Your instructions: Please make an exact copy of the listing, without the pictures.

Data listing:
▬▬▬▬▬▬▬▬▬▬
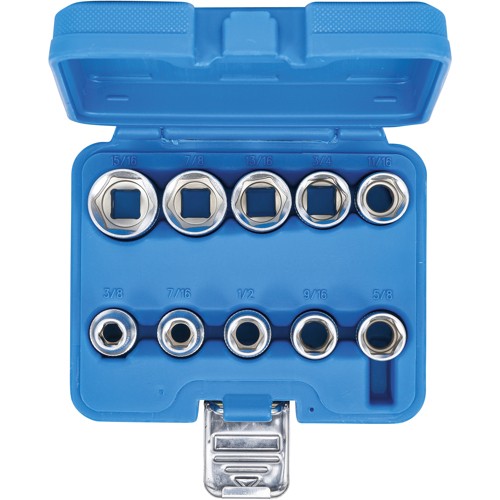 BGS Steckschlüssel-Einsatz-Satz Sechskant | Antrieb Innenvierkant 12,5 mm (1/2"") | Zollgrößen | 10-tlg.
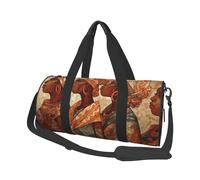 Africa Ethnic Pottery Duffel Bags for Women Men, Foldable Travel Totes Bag for Airplane Essentials, Weekender Overnight Bags Large Sport Gym Bag Carry On Luggage Bag with Strap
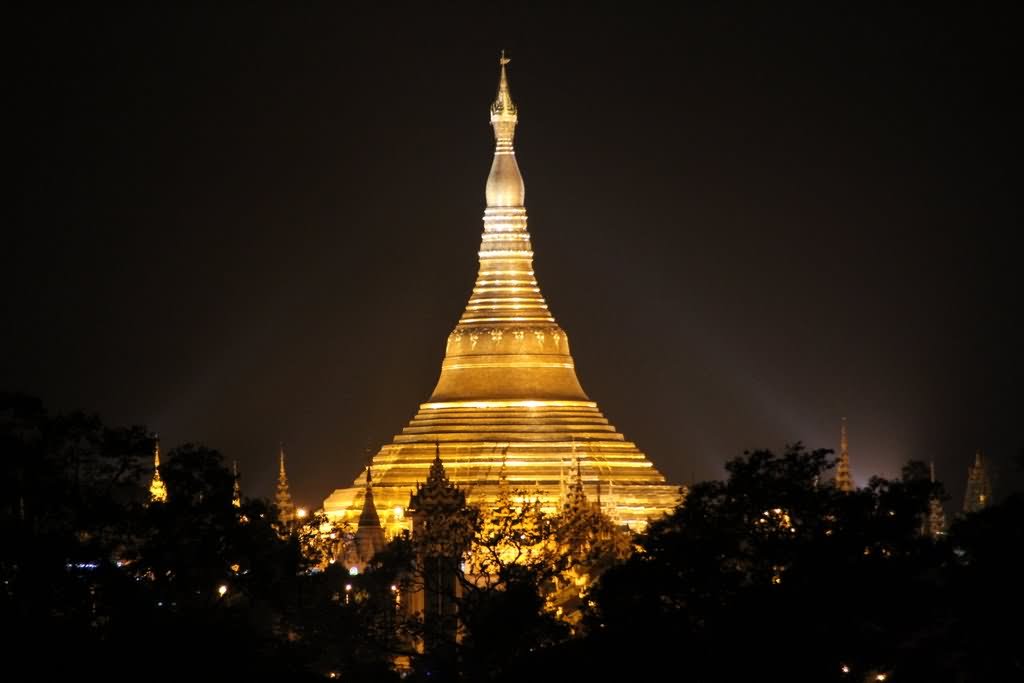 The Shwedagon Pagoda At Night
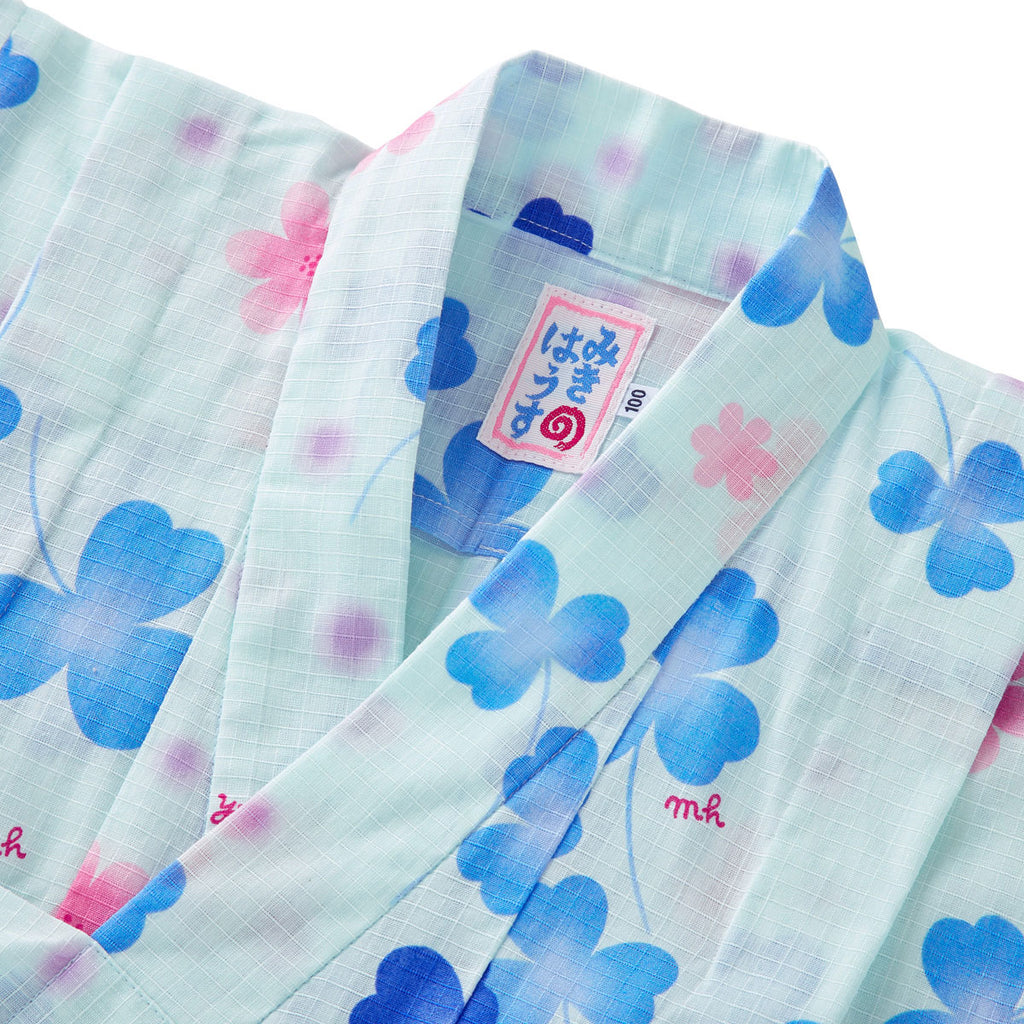 YUKATA EN COTON MOTIF TRÈFLES BLEUS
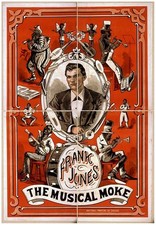 Chicago IL 1874 Frank Jones The Musical Moke poster band clown musician picture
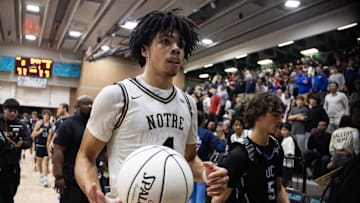 Jan 4, 2025; Gilbert, AZ, USA; Notre Dame High School (CA) forward Tyran Stokes (4) against Sandra Day O'Connor (AZ) during the Hoophall West High School Invitational at Highland High School. Mandatory Credit: Mark J. Rebilas-Imagn Images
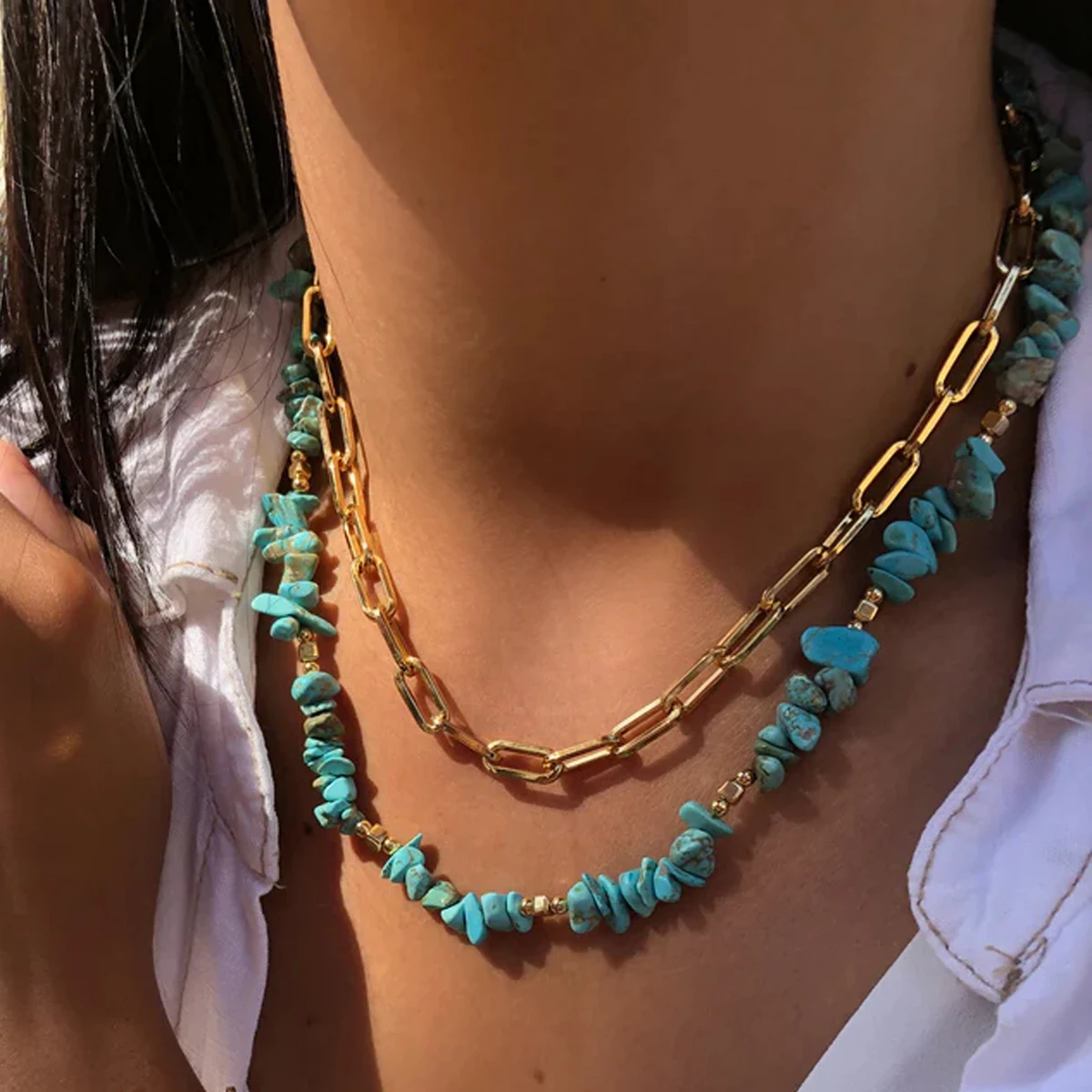 Fashion Natural Stone Chain Layered Necklace Bracelet for Women Bohemia Summer Beach Simple Turquoise Layered Jewelry Sets Gifts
▬▬▬▬▬▬▬▬▬▬
Exercise result:
 BGS Steckschlüssel-Einsatz-Satz Sechskant | Antrieb Innenvierkant 12,5 mm (1/2"") | Zollgrößen | 10-tlg.
 Africa Ethnic Pottery Duffel Bags for Women Men, Foldable Travel Totes Bag for Airplane Essentials, Weekender Overnight Bags Large Sport Gym Bag Carry On Luggage Bag with Strap
 The Shwedagon Pagoda At Night
 YUKATA EN COTON MOTIF TRÈFLES BLEUS
 Chicago IL 1874 Frank Jones The Musical Moke poster band clown musician picture
 Jan 4, 2025; Gilbert, AZ, USA; Notre Dame High School (CA) forward Tyran Stokes (4) against Sandra Day O'Connor (AZ) during the Hoophall West High School Invitational at Highland High School. Mandatory Credit: Mark J. Rebilas-Imagn Images
 Fashion Natural Stone Chain Layered Necklace Bracelet for Women Bohemia Summer Beach Simple Turquoise Layered Jewelry Sets Gifts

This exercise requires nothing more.